Some Fundamental Aspects of Human Blood Cell Formation

 
          Mature blood cell formation (hematopoiesis) in the human body depends on the function of a small number of hematopoietic stem cells (HSC) in the bone marrow.  To ensure a life long supply of blood cells, HSC must undergo self renewal to avoid their depletion, and body must maintain HSC in small numbers to prevent cancer.  HSC must produce lineage committed progenitor cells continuously that respond to growth and differentiation signals in the marrow to form mature blood cells. Thus self renewal and progenitor cell expansions are coupled but the details of these processes are not clearly known. 
          It has been recognized that HSC receive critical support from mesenchyme stem cells (MSC), a distinct stem cell type resident in the marrow. MSC give rise to osteoblasts and stromal cells that were demonstrated to play vital roles in promoting HSC functions. It is thought that the stromal cells   regulate stem cell functions by creating suitable microenvironments or niches, which provide soluble growth factors, cytokines, secreted extra cellular matrix molecules and stimulatory signals via cell-cell contacts to modulate HSC functions.  Studies  in mice have identified  two types of specialized  microenvironments  ( or niches )  in vivo ,  one  comprises of osteoblasts, located at endosteal region of the long bones and  the other comprises of  endothelial cells of the   sinusoids  located at more central region of the bone cavity. However, in both the niches there was no evidence of stem cell activity because the HSC maintained in these locations were mostly non-dividing or quiescent in nature. It is not clear from these results if HSC undergo self renewal and differentiation at these sites or there are other sites where such activities take place.  

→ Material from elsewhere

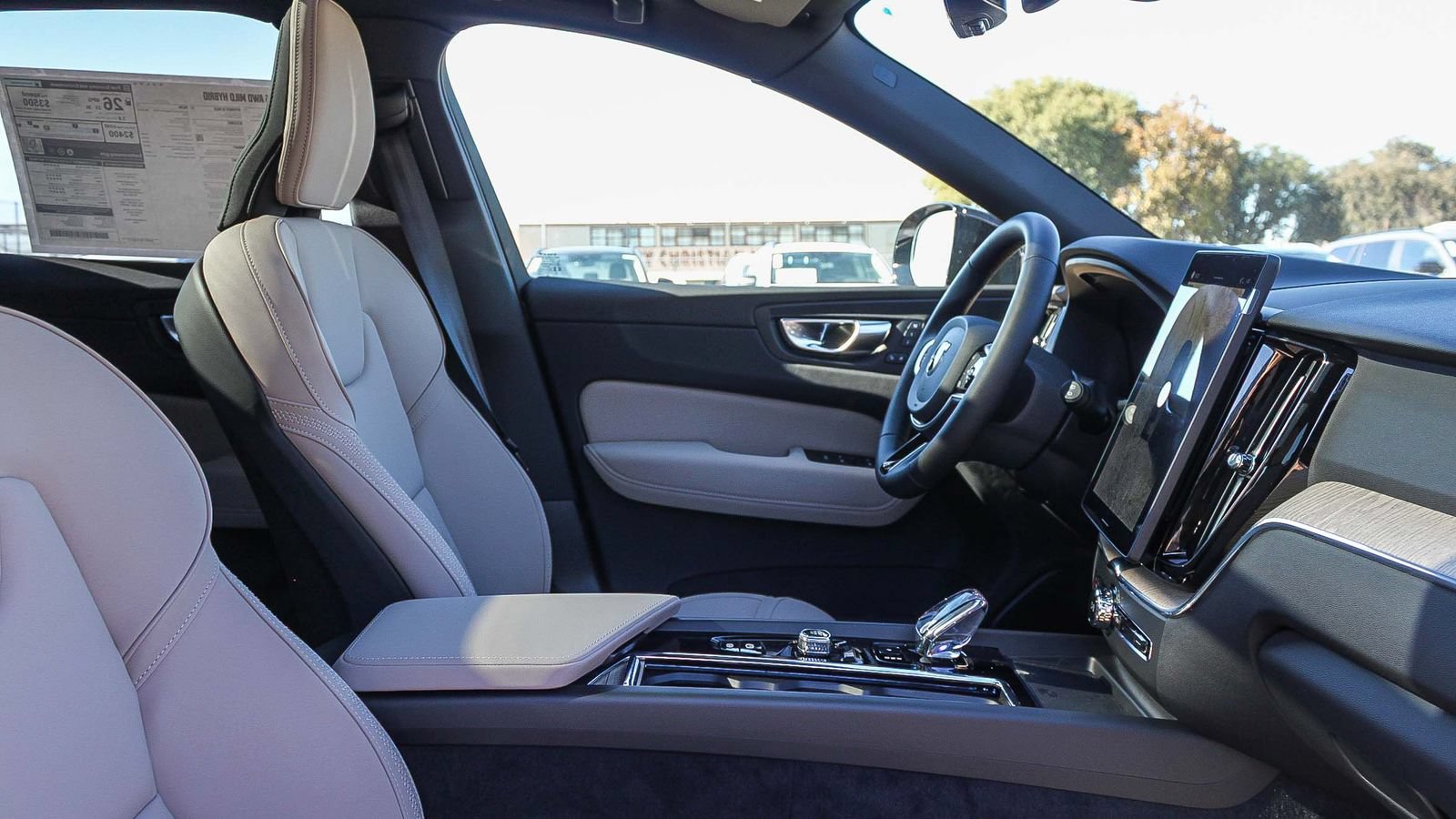New 2026 Volvo XC60 B5 Plus w/ Climate Package PRO AWD/4WD image 33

          Other features of the microenvironment influencing HSC functions relate to their homing and engraftment. HSC are mobile in the body through the blood stream. They use a navigation mechanism based on chemotaxis to reach their homes in marrow. An important cytokine responsible for the “homing” of HSC is CXCL12 /SDF1α that is secreted from the microenvironment. Another function related to HSC survival is promoted by a hypoxic micro environment presumably due to secretion of favorable growth factors, such as vascular endothelial growth factor (VEGF) and CXCL12. 
          Because of its clinical importance, efforts have been made in the past four decades to amplify HSC in vitro, but invariably, a loss of stem cell maintenance was observed in all of them, indicating that these culture conditions did not support self renewal of HSC efficiently. A culture system to be efficient in vitro needs to embrace as many characteristics of the native bone marrow microenvironment as possible.  
           In my presentation, I shall discuss our experiments that address some of the issues raised above and examine our results from the perspective of an in vitro microenvironment.